Reputation: 3068
Hi i need help with the following code to navigate and obtain the data from the remaining pages in the link mentioned in the start_urls. Please help
class texashealthspider(CrawlSpider):
name="texashealth2"
allowed_domains=['www.texashealth.org']
start_urls=['http://jobs.texashealth.org/search/']
rules=(
Rule(SgmlLinkExtractor(allow=("startrow=\d",)),callback="parse",follow=True),
)
def parse(self, response):
hxs=HtmlXPathSelector(response)
titles=hxs.select('//tbody/tr/td')
items = []
for titles in titles:
item=TexashealthItem()
item['title']=titles.select('span[@class="jobTitle"]/a/text()').extract()

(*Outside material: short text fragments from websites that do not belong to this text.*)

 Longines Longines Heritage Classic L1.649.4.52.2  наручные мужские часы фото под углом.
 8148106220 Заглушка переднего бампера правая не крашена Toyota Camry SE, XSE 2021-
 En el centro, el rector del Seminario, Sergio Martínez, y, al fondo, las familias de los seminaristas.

item['link']=titles.select('span[@class="jobTitle"]/a/@href').extract()
item['shifttype']=titles.select('span[@class="jobShiftType"]/text()').extract()

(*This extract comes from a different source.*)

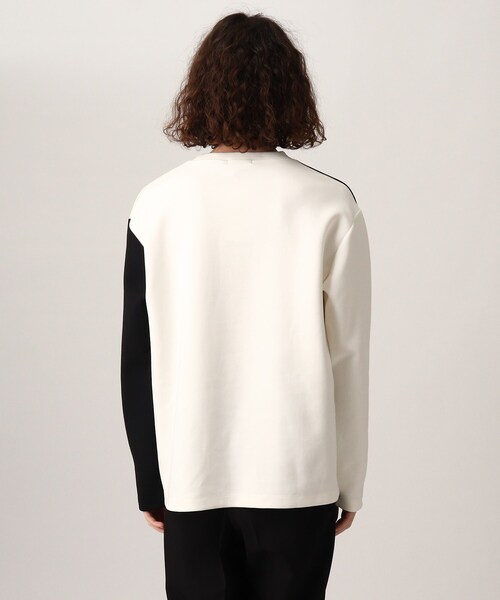 tk.TAKEO KIKUCHI(ティーケータケオキクチ)の「◆クォータースイッチカットソー(ユニセックスアイテム)(Tシャツ/カットソー・メンズ・ホワイト系5/ブラック系4/ブルー系4・02/03/66)」の5枚目の写真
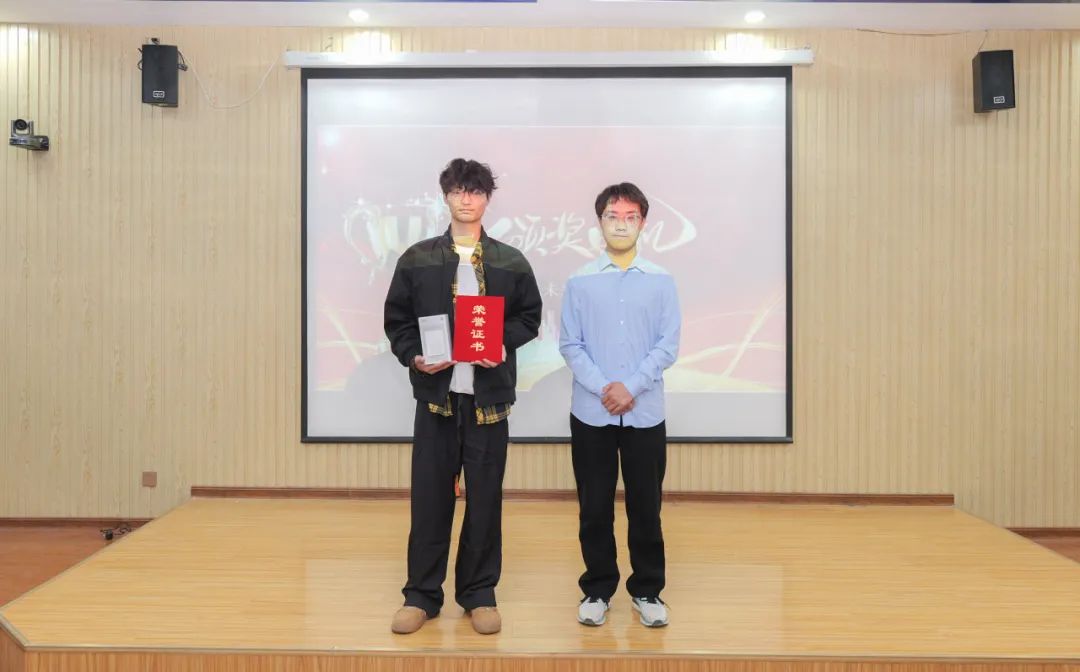 比赛颁奖1 比赛颁奖1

item['location']=titles.select('span[@class="jobLocation"]/text()').extract()
items.append(item)
print items
return items
Upvotes: 0
Views: 1125
Reputation: 11396
remove the restriction in the allowed_domains=['www.texashealth.org']
, make it allowed_domains=['texashealth.org']
or allowed_domains=['jobs.texashealth.org']
- otherwise no page will be crawled
btw, consider changing function name, from docs:
Warning
When writing crawl spider rules, avoid using parse as callback, since the CrawlSpider uses the parse method itself to implement its logic. So if you override the parse method, the crawl spider will no longer work.
Upvotes: 1